We, Who Are About to Die


Fortuna Audaces Iuvat - Fortune Favors the Bold
"Who Dares, Wins" - Special Air Service motto

Today is the twentieth anniversary of the Challenger shuttle disaster. On that cold January morning the space shuttle Challenger rocketed into the sky, its solid rocket boosters burning rapidly towards a failing joint and rubber O-Ring seal that had cracked in the cold. Seventy-three seconds into the flight when the fire hit the joint it blew out the side, and hit the fuel tanks like a blow from an angry and fearful god of the skies. The explosion took the lives of seven crewmembers, six astronauts and one civilian who were daring to follow mankind’s dreams of the stars.
Astronauts Ellison Onizuka, Mike Smith, Dick Scobee, Greg Jarvis, Ron McNair and Judy Resnick, and schoolteacher Christa McAuliffe experienced one minute and thirteen seconds of the dream before their lives were cut short in a fireball and they took the bigger journey into the greater unknown.
But they were not the first to die chasing that dream, nor would they be the last.

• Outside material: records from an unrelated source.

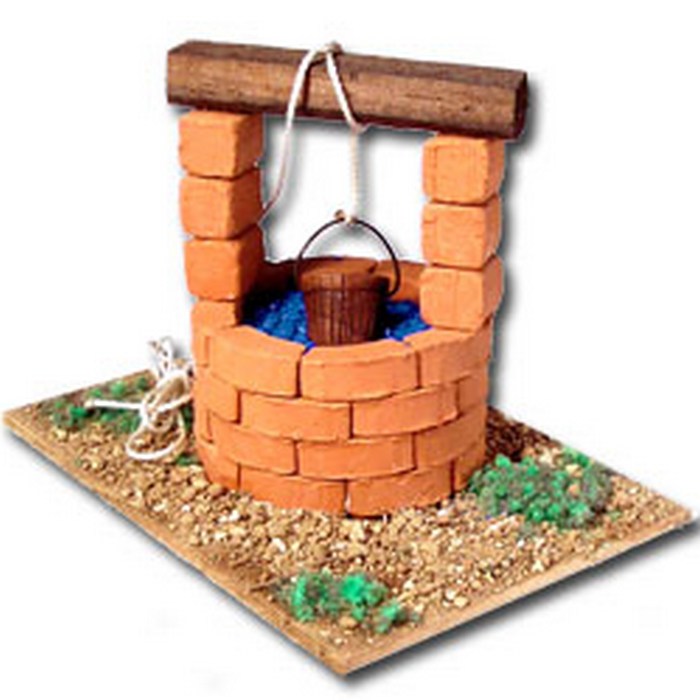 Le Santon créatif - Tuiles et briques en kit, accessoires, santons et animaux à peindre, pour construire son village de la crèche de Noël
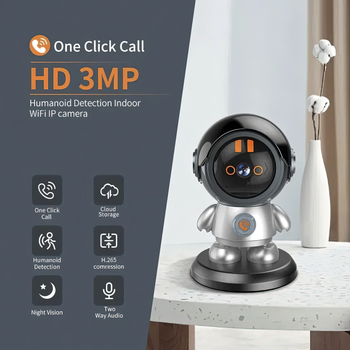 Поворотная беспроводная WiFi видеоняня HD Wireless IP Camera, камера 360 градусов (1010393-Other)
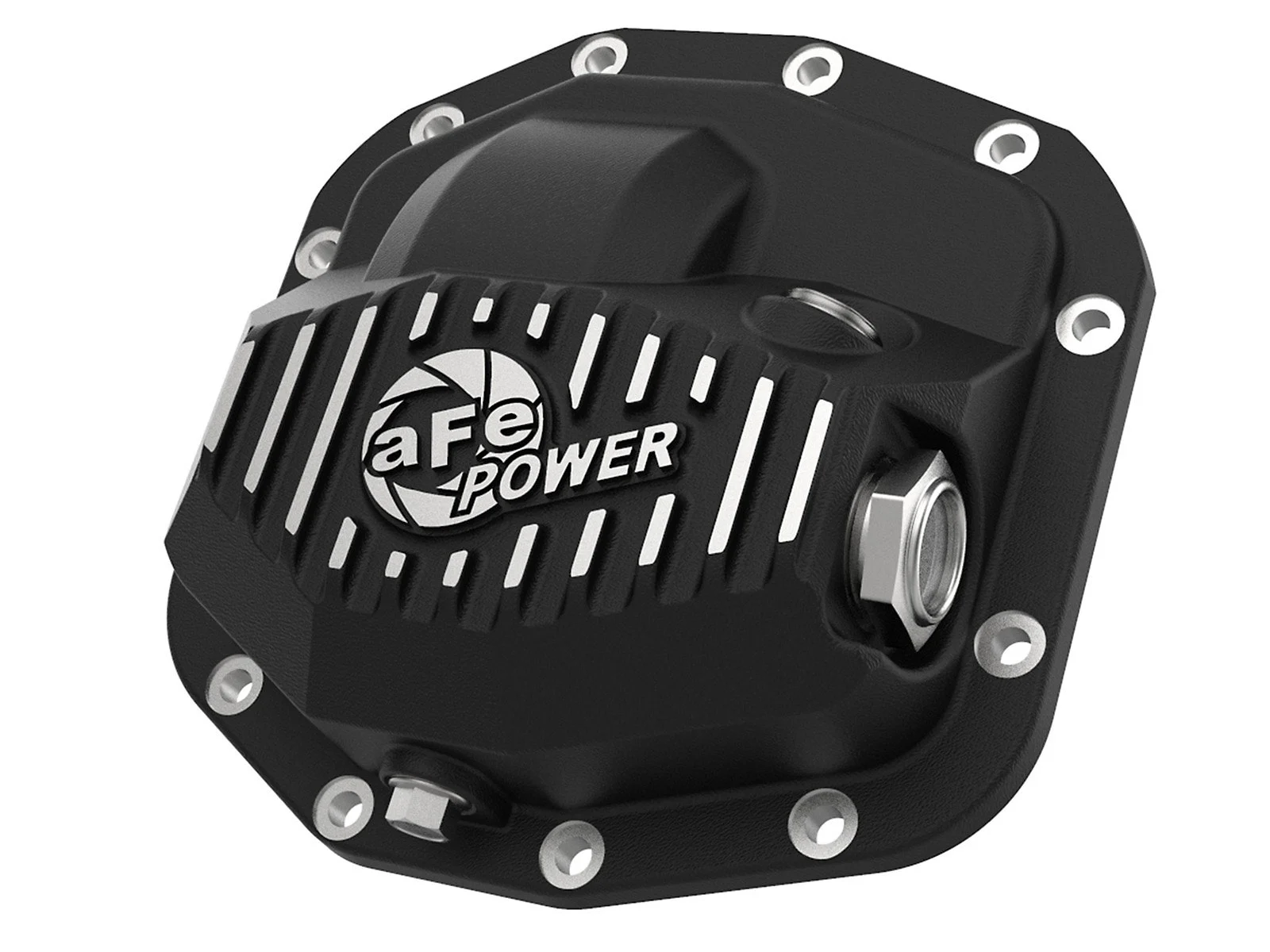 aFe Power 46-71010B Pro Series Front Differential Cover in Black for 18-20 Jeep Wrangler JL with Dana 30 Front Axle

On January 27th 1967 Virgil “Gus” Grissom, Edward White and Roger Chaffee died aboard Apollo 1, still on the launch pad, when a spark ignited the pure oxygen atmosphere of the sealed capsule during pre-flight tests.
On April 24th 1964 Vladimir Komarov reentered the earths atmosphere in the malfunctioning Soyuz 1 capsule and died when the parachute lines tangled plummeting Soyuz 1 into the earth at two hundred miles an hour.

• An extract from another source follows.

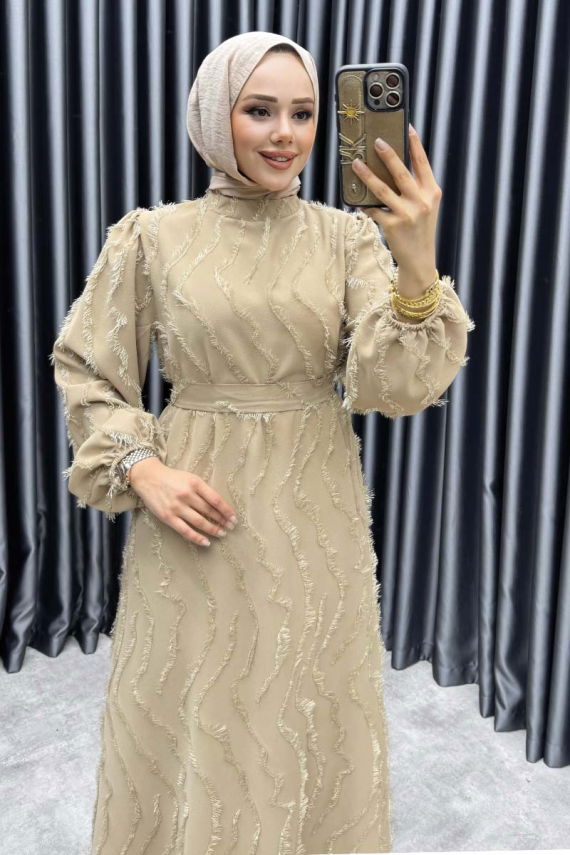 Eliza Püsküllü Elbise 6227 Vizyon - NWS (1)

In May of 1967 the crew of Soyuz 11, Georgi Dobrovolsky, Viktor Patsayev, and Vladislav Volkov, died when a malfunctioning valve caused the capsule to depressurize just prior to reentry.
No astronaut or cosmonaut would die engaged in a mission again until the Challenger disaster, and then it would be fifteen years before another sacrifice would be demanded by the fates of dreams and the sky.

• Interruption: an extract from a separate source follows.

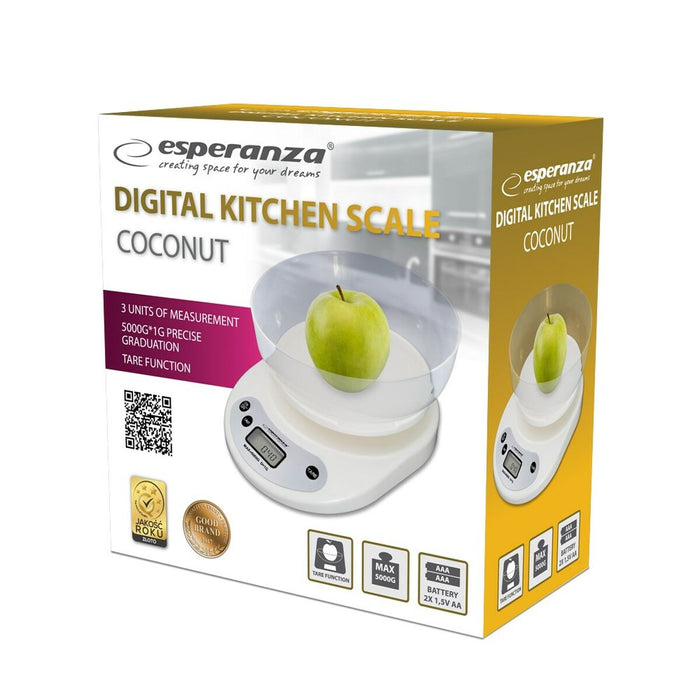 cântarul de bucătărie Esperanza EKS007 Alb 5 kg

On February 1st 2003 the crew of the space shuttle Columbia, Rick Husband, William McCool, Michael Anderson, David Brown, Dr. Kalpana Chawla, Laurel B. Clark and Ilan Ramon, died when the shuttle, suffering damage to its protective tiles, blew up over the western United States during reentry. It is quite possible that these seven people knew or at least suspected they were going to die, well ahead of time, and proceeded ahead, chasing the dream to infinity.

We live in a world of sports hero’s, movie stars and rock gods. People who, on whole, are shallow, fatuous, and often as not disgusting and disagreeable people, more concerned with image, money and whatever “cause of the month” will get them the most attention. Among them are rapists, thieves, murderers, people who use drugs to avoid the really real world, and narcissists of the highest order who have no greater dream or vision, and no desire to live for something greater, and certainly, perhaps most certainly of all, no strength to die for something greater.
While those people are made hero’s there are quieter, smarter, stronger men and women who dare to brave the unknown, the unknowable, and the dangerous to chase down what may be the greatest dream of the human race: The secrets of the heavens - The glittering lights and shimmering sights of that great expanse of space, the realm of new worlds and gods.
In the end, it will not be the movie gods and rock stars who will carry mankind into the future, into new hope, new worlds. It will not be the sports hero’s who open the doors for us all. It will be these quiet people willing to serve a dream, live a dream, and die for that dream.
It is my prayer, whispered desperately to those heavens, that we will hold on long enough, that they may deliver that dream to us before it is lost to the murky depths of forgotten consciousness.
”Go! at throttle up” the stars are ahead.